Starting with a jerk at the corner of his lips, Doan’s features contort upward in flash of fast-twitch facial muscles, cheeks jamming his eyes into squinty slits, the well-practiced lines fanning out like joyful tributaries.
Doan’s smile is always ready; when he talks about hockey, his childhood, his faith, riding horses, certainly his family, even when he’s disarming difficult questions.
OK, wait. Hold on, you’re thinking.
Captain of the Phoenix Coyotes, a player known for crushing opponents like a runaway big-rig on skates, turning their faces into Picassos on glass, and we’re talking about his smile?
Yes, as a matter of fact.
That always-sincere flash of teeth and cheeks has as much to do with who Doan is as a hip check or hat trick.
The man they call Doaner was supposed to be a cowboy.
He grew up in Halkirk, a hamlet in east-central Alberta that has about 100 residents, an oiled-down main street to go with the gravel roads, no gas station and little to do but ride horses and run around in the outdoors.
Doan grew up on a ranch and helped his parents run a Christian camp for kids, so he was immersed in the cowboy life for as long as he can remember.
He also has the ridin’-and-ropin’ lineage: five relatives are members of the Canadian Rodeo Hall of Fame, including his grandfather, Muff Doan.
And that name, Shane Doan, sounds like he should be chasing bad guys with John Wayne.
It just never fit.
Oh, he can ride and rope and all that, just not like he can skate and rip slapshots and smash bodies to the boards.
He even has a standard line about his choice of professions.
“What’s my joke about rodeo?” he asks his wife, Andrea, while giving her a nudge and a knowing grin. “I’m not tough enough, right?”
Tyson Nash was nine when he met Doan after he and his brother were dropped off at the Doans’ summer camp.
Nash and Doan had a great summer of riding and carousing around the ranch, but, as kids do, didn’t stay in touch.

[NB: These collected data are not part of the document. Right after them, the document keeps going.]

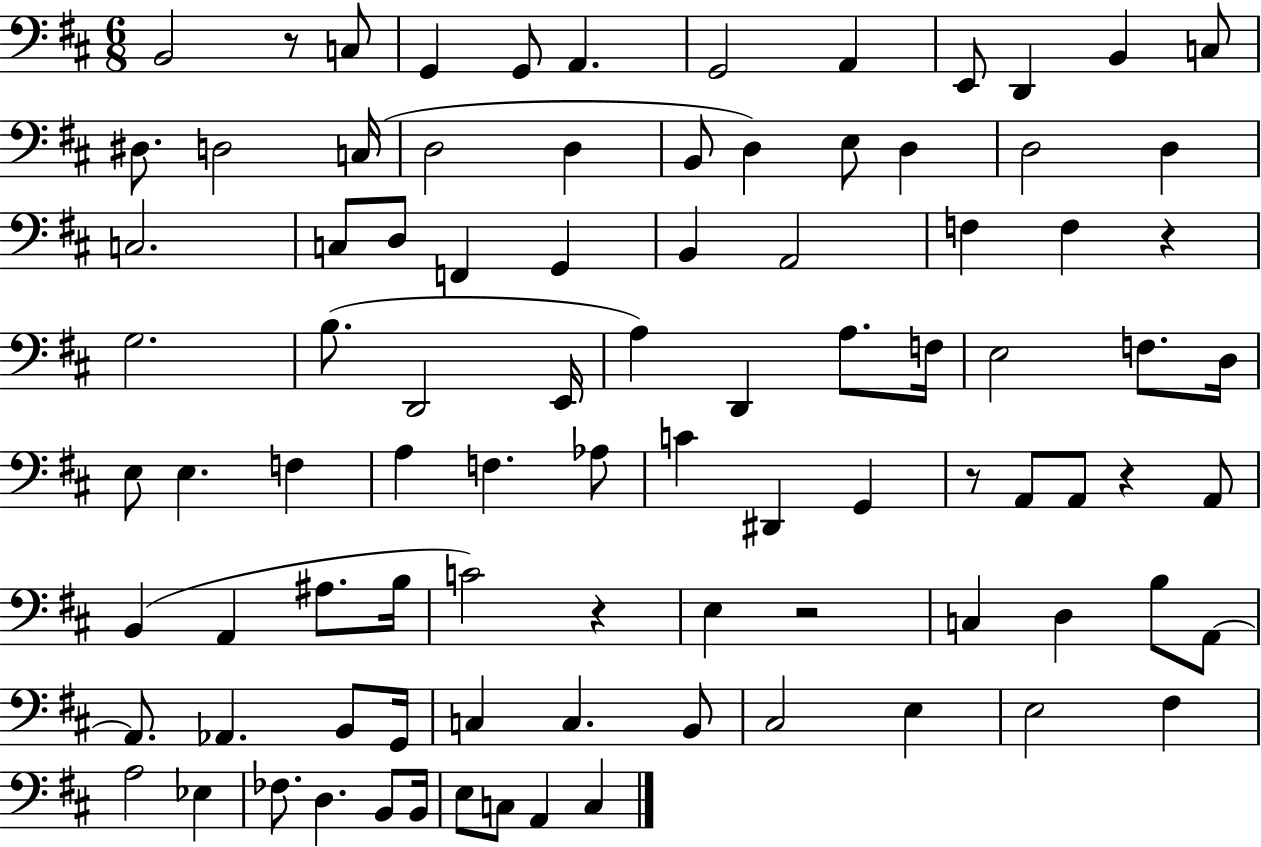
X:1
T:Untitled
M:6/8
L:1/4
K:D
B,,2 z/2 C,/2 G,, G,,/2 A,, G,,2 A,, E,,/2 D,, B,, C,/2 ^D,/2 D,2 C,/4 D,2 D, B,,/2 D, E,/2 D, D,2 D, C,2 C,/2 D,/2 F,, G,, B,, A,,2 F, F, z G,2 B,/2 D,,2 E,,/4 A, D,, A,/2 F,/4 E,2 F,/2 D,/4 E,/2 E, F, A, F, _A,/2 C ^D,, G,, z/2 A,,/2 A,,/2 z A,,/2 B,, A,, ^A,/2 B,/4 C2 z E, z2 C, D, B,/2 A,,/2 A,,/2 _A,, B,,/2 G,,/4 C, C, B,,/2 ^C,2 E, E,2 ^F, A,2 _E, _F,/2 D, B,,/2 B,,/4 E,/2 C,/2 A,, C,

They met again about eight years later, when Doan, nearly two years younger, joined Nash to play for the Kamloops Blazers of the Western Hockey League. They won a Memorial Cup together, but went their separate ways again. They ended up in the same place a third time in NHL, with the Coyotes, from 2003-06.

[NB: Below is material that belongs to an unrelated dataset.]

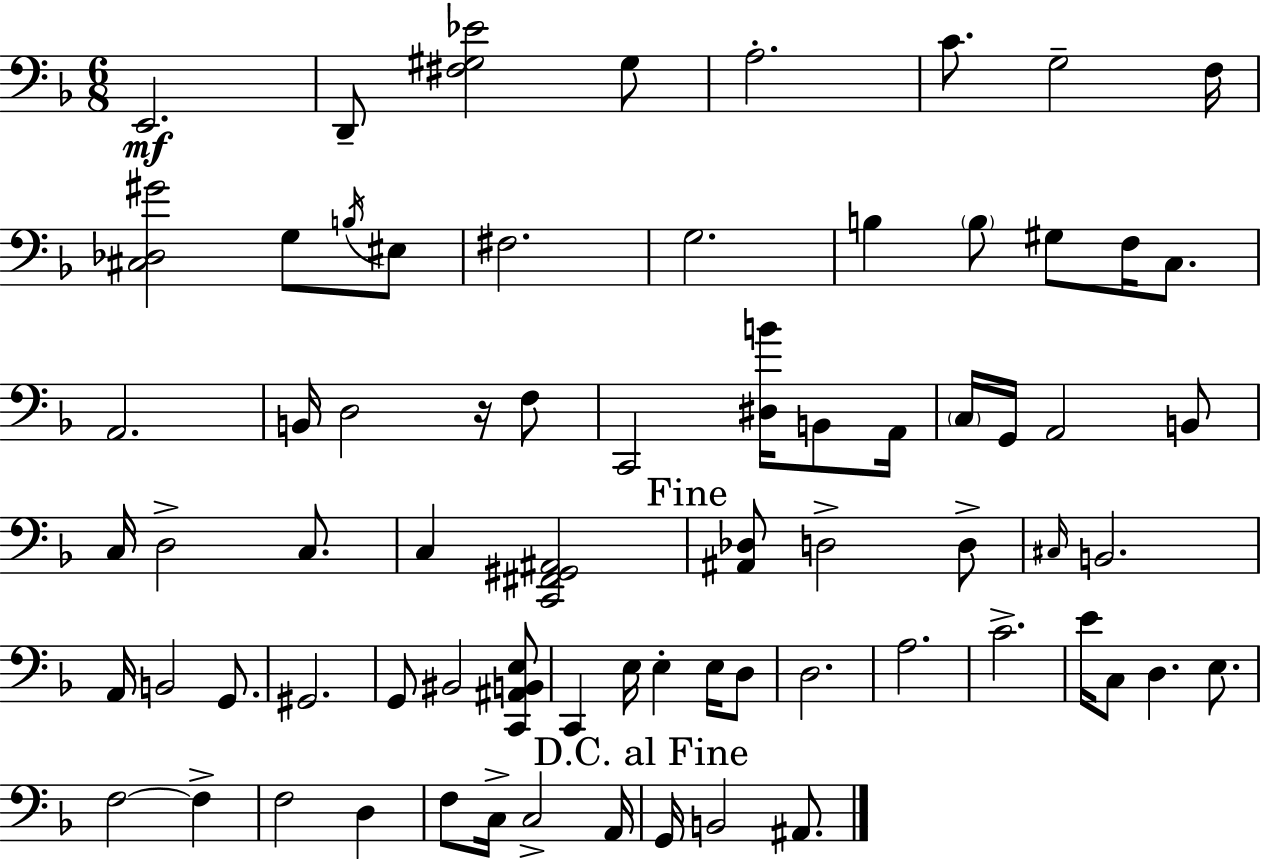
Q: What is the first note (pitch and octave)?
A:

Each time they reunited, Nash still saw the same wholesome, honest, fun-loving kid he met at that camp amid the flatlands and coulees of Alberta.
“What’s remarkable about him is that he hasn’t changed … right now, he’s a big little kid,” Nash said. “Obviously, with all the accolades, all the money he’s made, the years in the NHL you would never know it. He’s one of those guys where it hasn’t gone to his head. What you see is what you get. I think a lot of people leave after talking to him and it’s like, there’s no way a guy can be that nice having the success he has had. He truly is.”
The Doans are all athletic. Start-their-own-team athletic.
Doan’s father, Bernie, was a defenceman picked by the St. Louis Blues in the 1971 NHL draft and his uncles were drafted as well. His younger sister, Leighann, set an Alberta provincial record in the shot put and went on to play professional basketball in Europe.
Doan’s cousin, Catriona LeMay Doan, competed in three Olympics as a speedskater, winning gold at the 2002 Games. Two other cousins, Carey Price and Keaton Ellerby, were first-round NHL draft picks.
Growing up in this kind of atmosphere, yeah, Doan was a little competitive.
It’s been evident throughout a 15-year NHL career that’s included eight playoff appearances,two NHL all-star games and countless body-bending checks.
And it doesn’t end there.
Home games on makeshift rinks made with spray from the volunteer fire department’s hoses, leisurely rounds of golf with buddies, marbles—whatever it is, Doan is coming after you.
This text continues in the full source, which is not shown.